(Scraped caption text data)
....

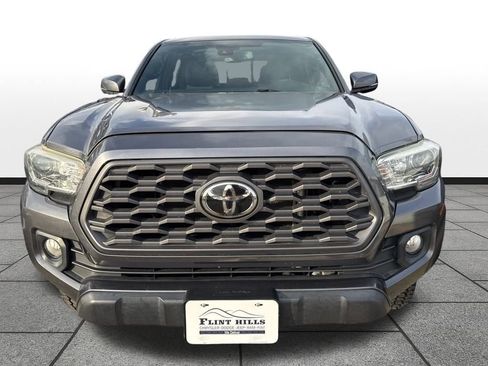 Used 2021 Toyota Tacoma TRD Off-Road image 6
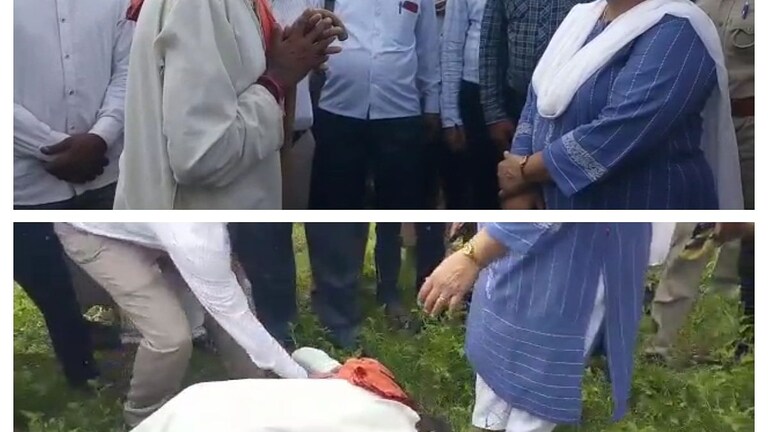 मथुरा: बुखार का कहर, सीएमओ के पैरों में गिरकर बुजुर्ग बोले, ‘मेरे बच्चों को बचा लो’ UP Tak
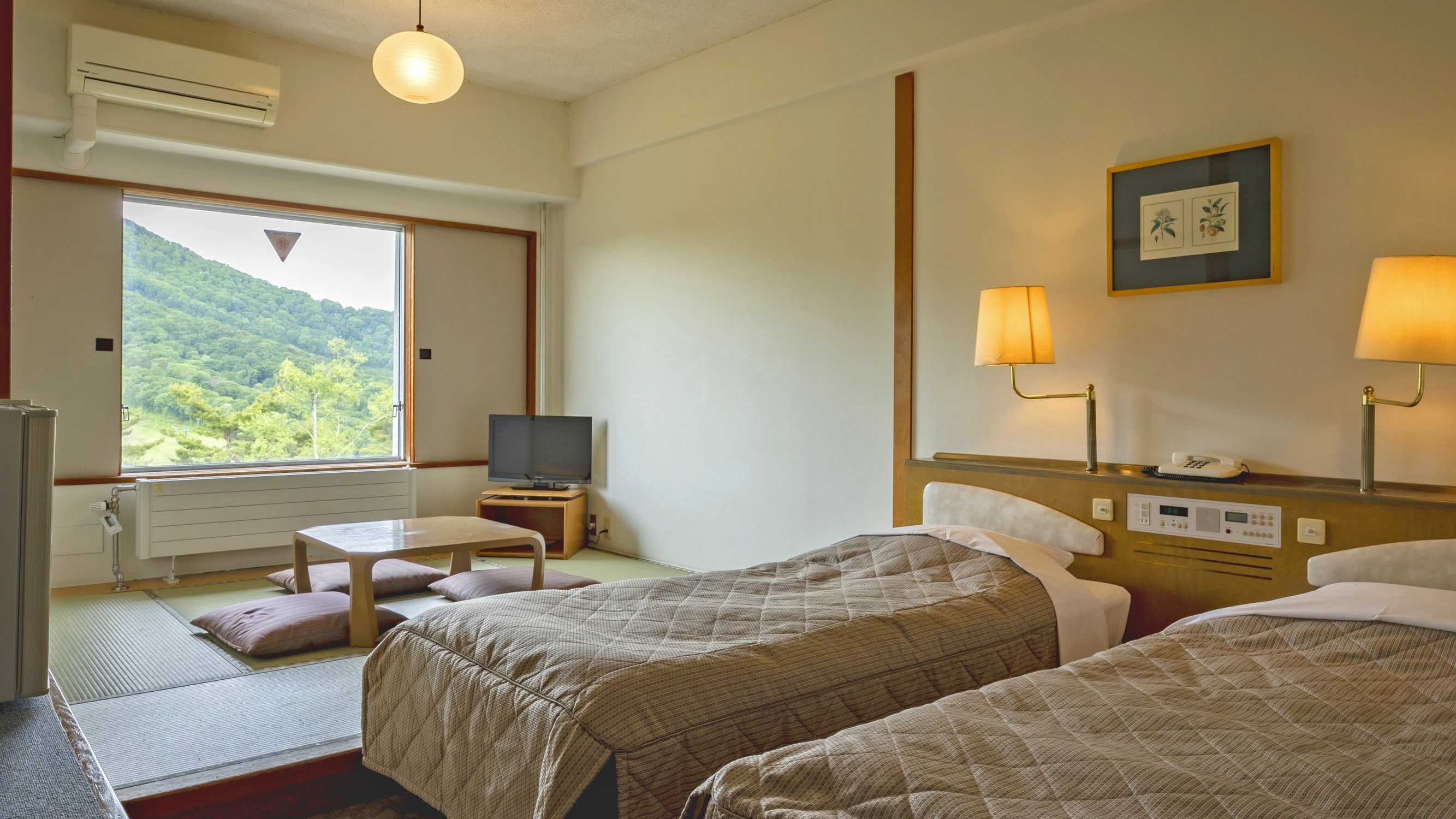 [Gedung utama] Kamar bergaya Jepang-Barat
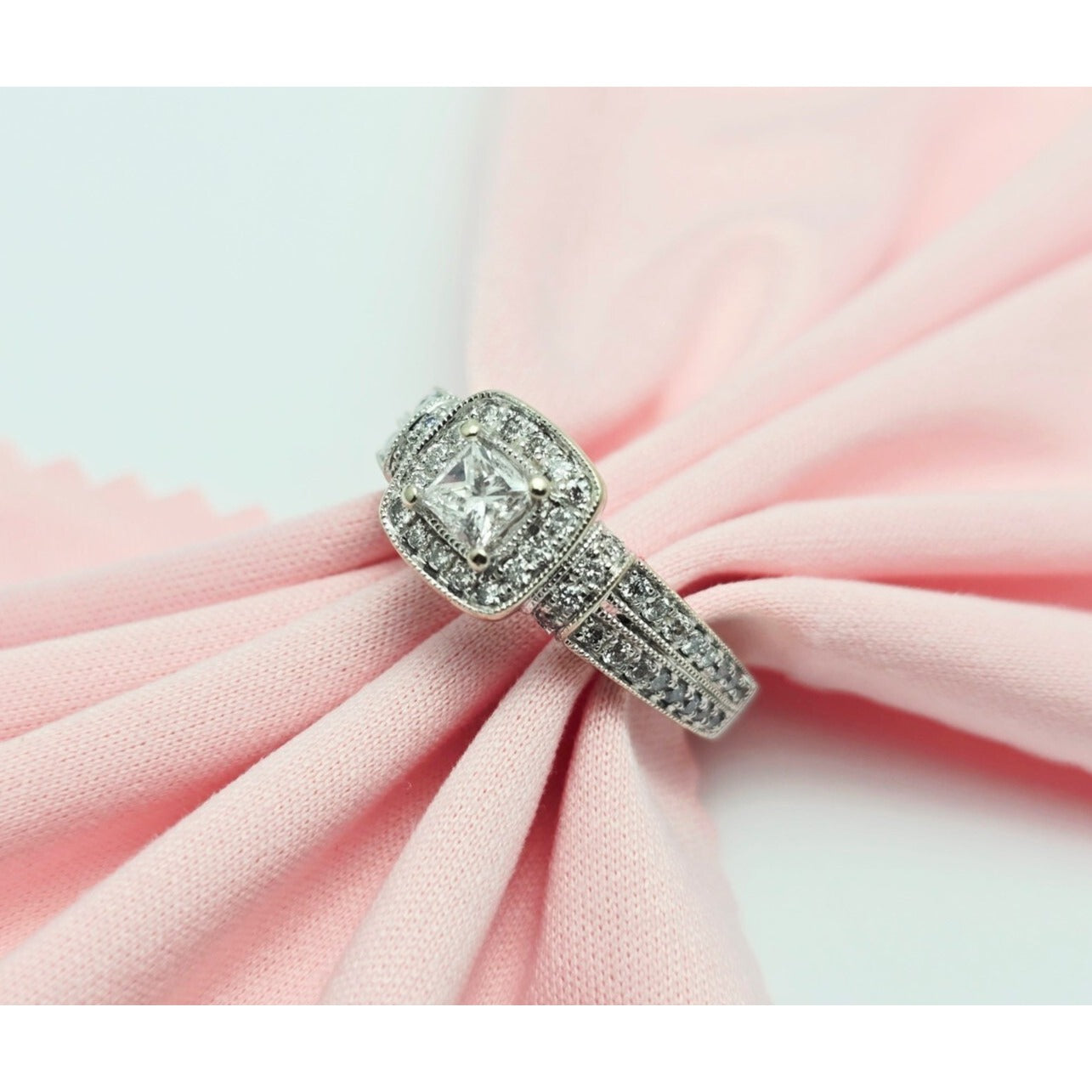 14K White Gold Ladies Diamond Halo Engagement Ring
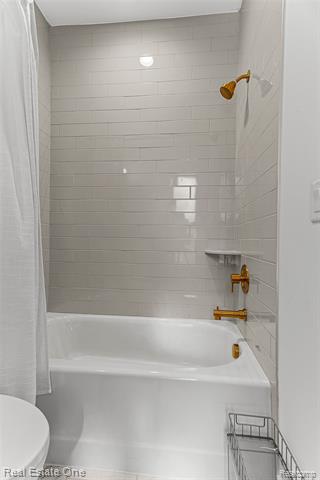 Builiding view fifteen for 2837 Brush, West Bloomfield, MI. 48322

....

**ASSIGNMENT**: If an entry above holds a picture, leave that picture out and print the rest exactly.

**EXERCISE SOLUTION**:
 Used 2021 Toyota Tacoma TRD Off-Road image 6
 मथुरा: बुखार का कहर, सीएमओ के पैरों में गिरकर बुजुर्ग बोले, ‘मेरे बच्चों को बचा लो’ UP Tak
 [Gedung utama] Kamar bergaya Jepang-Barat
 14K White Gold Ladies Diamond Halo Engagement Ring
 Builiding view fifteen for 2837 Brush, West Bloomfield, MI. 48322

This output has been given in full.